Today, we use local storage in our system for running applications, creating documents, editing videos or photos, etc., In addition, we may have additional external storage, or even cloud storage for:
- Organization: Categorizing storage device by member of the family, or content type: music, videos, etc.
- Mobilization: Having the ability to access files from anywhere at anytime.
- Protection: Backup…say no more.
What we don’t necessarily have is any storage dedicated to preservation.
The Signal blog describes the need as: “If we want any of these born digital objects to stick around, the ones created on a flatbed scanner or the ones created with a digital camera, we need to be thinking about digital preservation. Beyond the fact that digitization is not digital preservation, digitization always results in the creation of a new digital object. If we want to have any access to that new digital object in the future we need to be actively thinking about digital preservation.”
That goes for every photo developed and placed in photo albums (yes – 3 ring binders), every newspaper clipping of the Chicago Bulls run of 6 consecutive titles in the 90s, every report card, poem, drawing, painting, story, and book report my kids did in school.

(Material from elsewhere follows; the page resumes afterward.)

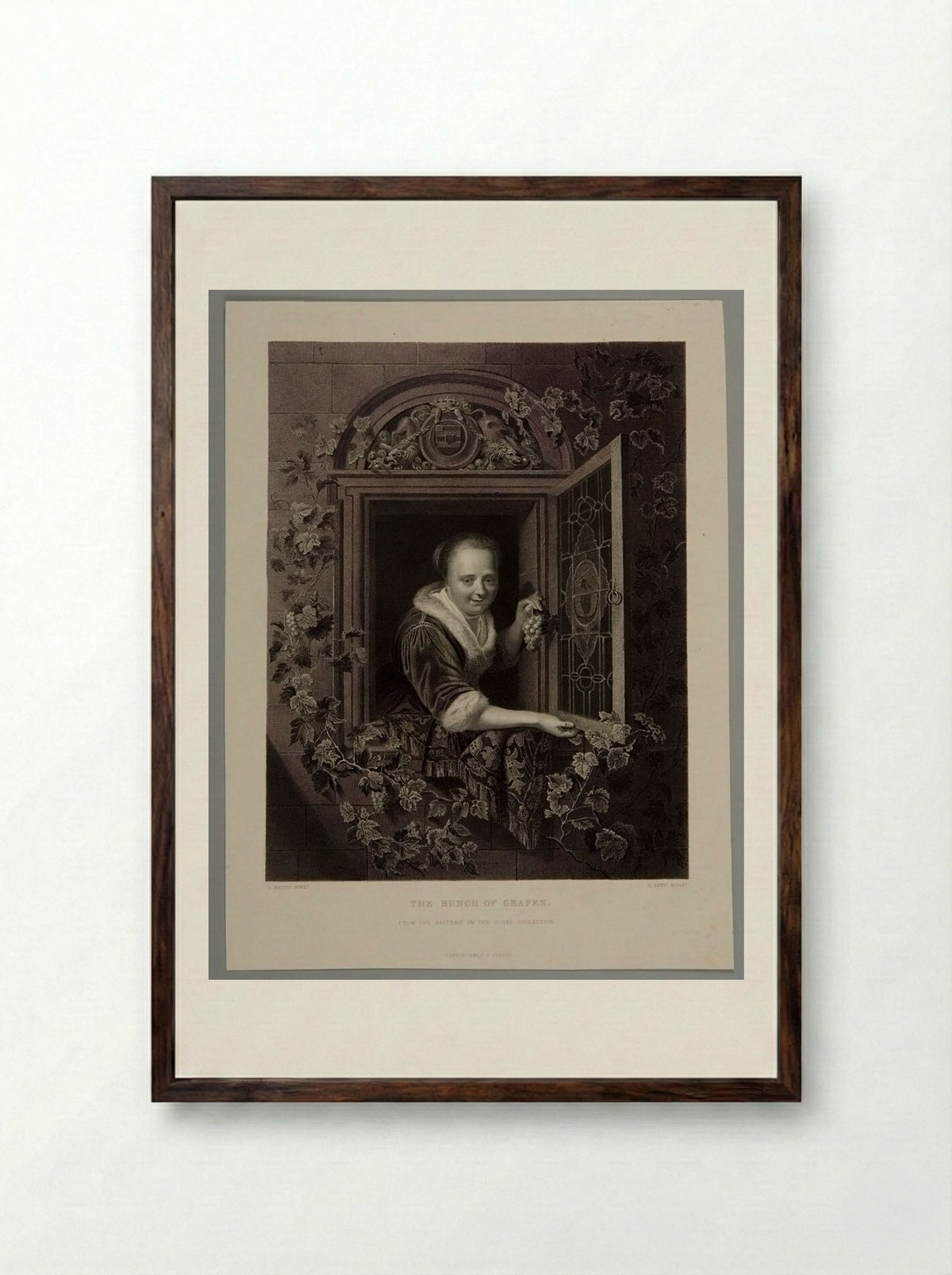The Bunch of Grapes - Gustave Lévy - Framed Print Dark Wood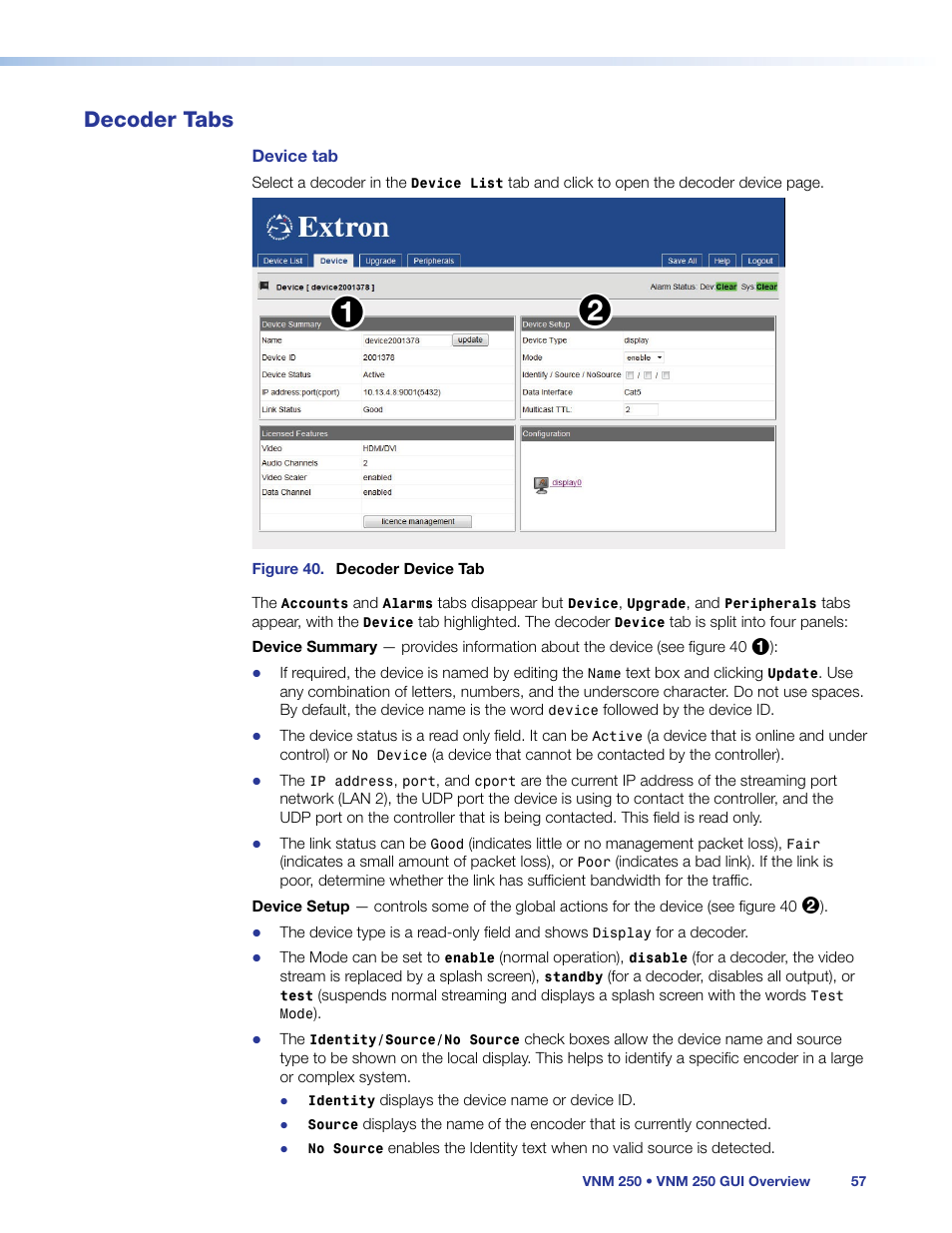 Decoder tabs, Decoder device | Extron Electronics VN-Matrix 250 User Guide User Manual | Page 63 / 137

The scary thought is that I have not done any of this…most of this stuff in packed in waterproof plastic bins in the basement, or under some bed…not exactly the preservation we are talking about.
The challenge being…do I have the digital storage, much less the time to do it? I go back to the 12 months it took me to rip my CD collection one by one to MP3 years ago. I did it because, there was immediate benefit. Once digitized, I could access the music faster, and on almost any digital music device. But it wasn’t for preservation … I consider keeping the CDs my way of preserving my collection.
When it comes to the truly analog content…the report cards, artwork, newspaper headlines, etc. The benefit is not near term, it’s long term, and that is the dilemma. But if you think about what the future holds for making the effort, it sounds a whole lot more meaningful a project to start sooner. With digitally preserved content, we could give content a much longer lifespan…one that can be enjoyed by my kids’ kids. And that makes the effort and commitment worth it.
How have you digitally preserved your content?